Go ahead, name me a random creature. A creature that exists randomly, a creature without any predecessors. Too difficult? OK, how about a random word. Tell me a random word, any word, a word not connected to any other words through thought or utterance or ink, a word that is a thought in and of itself and has random definitions each time it randomly appears in random conversations with random people on a random world in a random universe.

Randominity demands randomness at every level or it is not random. Can there be such a thing as a random anything? Or is randomness just another pipe dream like circles, triangles and squares?

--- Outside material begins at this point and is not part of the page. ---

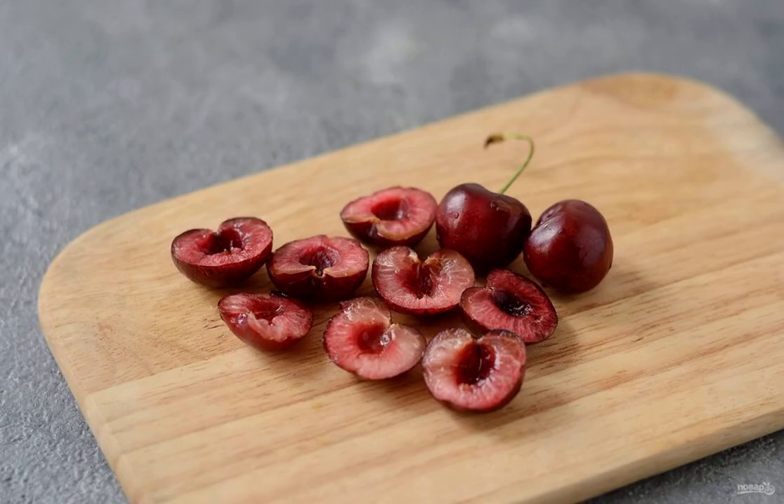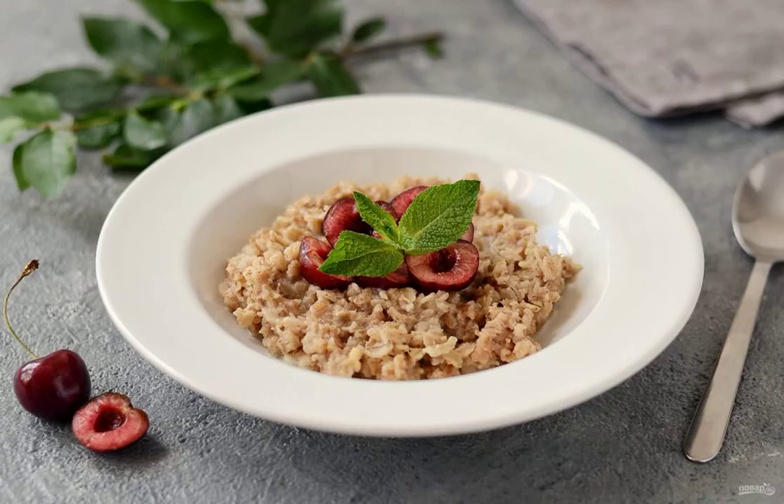Cut the cherries in half and remove the seeds. Put the porridge in a plate and add the berries. Enjoy your meal.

Absurd? Yes. OK, how about flipping a coin? Can a coin flip be random? Or is it influenced by the muscles of the hand that flips it and the molecules of air that surround it? Make a machine to flip the coin, and the machine will wear out a little with every flip thus creating a building influence from the first flip to the last flip -- none being random.

Computers? Random number generating programs? Don't wear out, simply electrons . . . Funny thing, that. Computers cannot generate random numbers. There is always a pattern. A repeatable pattern. Programs that generate random numbers all fudge it, trying for enough of a complicated pattern that it appears random -- but it never is. Computers, those things that think in either-or, on or off, zero or one . . . those things that are utterly without deception, they say randomness is simply impossible.

If a moment cannot be random, what then can we say about randomness? How can randomness exist when there is no environment for it to survive within?

I found the skepticism of this chapter misplaced, vindictive, childish, and not at all random. Skeptics assert nothing, announcing only opinion. The protagonists in this chapter are not skeptics, they are zealots of cause.